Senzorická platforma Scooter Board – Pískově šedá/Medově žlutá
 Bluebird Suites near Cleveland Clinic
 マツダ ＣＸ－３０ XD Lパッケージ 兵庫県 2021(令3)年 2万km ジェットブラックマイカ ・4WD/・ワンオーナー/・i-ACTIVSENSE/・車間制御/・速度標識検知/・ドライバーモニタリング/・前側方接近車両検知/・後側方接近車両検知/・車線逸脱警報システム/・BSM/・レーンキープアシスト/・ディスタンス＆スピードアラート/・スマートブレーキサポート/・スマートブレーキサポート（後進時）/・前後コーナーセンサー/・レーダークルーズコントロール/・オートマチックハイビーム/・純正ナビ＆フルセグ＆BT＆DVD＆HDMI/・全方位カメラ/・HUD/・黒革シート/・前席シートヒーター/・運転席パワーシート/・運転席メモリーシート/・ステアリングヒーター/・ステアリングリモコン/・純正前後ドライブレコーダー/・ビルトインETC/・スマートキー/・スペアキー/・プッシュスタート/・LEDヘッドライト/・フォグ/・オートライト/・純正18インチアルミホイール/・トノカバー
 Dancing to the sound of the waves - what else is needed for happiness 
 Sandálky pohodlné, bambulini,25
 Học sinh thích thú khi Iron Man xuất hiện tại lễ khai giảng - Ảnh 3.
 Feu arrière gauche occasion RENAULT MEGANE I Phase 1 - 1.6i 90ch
========================
— TASK GOAL —
Word for word, copy out all the data given above.

— PROBLEM SOLUTION —
Senzorická platforma Scooter Board – Pískově šedá/Medově žlutá
 Bluebird Suites near Cleveland Clinic
 マツダ ＣＸ－３０ XD Lパッケージ 兵庫県 2021(令3)年 2万km ジェットブラックマイカ ・4WD/・ワンオーナー/・i-ACTIVSENSE/・車間制御/・速度標識検知/・ドライバーモニタリング/・前側方接近車両検知/・後側方接近車両検知/・車線逸脱警報システム/・BSM/・レーンキープアシスト/・ディスタンス＆スピードアラート/・スマートブレーキサポート/・スマートブレーキサポート（後進時）/・前後コーナーセンサー/・レーダークルーズコントロール/・オートマチックハイビーム/・純正ナビ＆フルセグ＆BT＆DVD＆HDMI/・全方位カメラ/・HUD/・黒革シート/・前席シートヒーター/・運転席パワーシート/・運転席メモリーシート/・ステアリングヒーター/・ステアリングリモコン/・純正前後ドライブレコーダー/・ビルトインETC/・スマートキー/・スペアキー/・プッシュスタート/・LEDヘッドライト/・フォグ/・オートライト/・純正18インチアルミホイール/・トノカバー
 Dancing to the sound of the waves - what else is needed for happiness 
 Sandálky pohodlné, bambulini,25
 Học sinh thích thú khi Iron Man xuất hiện tại lễ khai giảng - Ảnh 3.
 Feu arrière gauche occasion RENAULT MEGANE I Phase 1 - 1.6i 90ch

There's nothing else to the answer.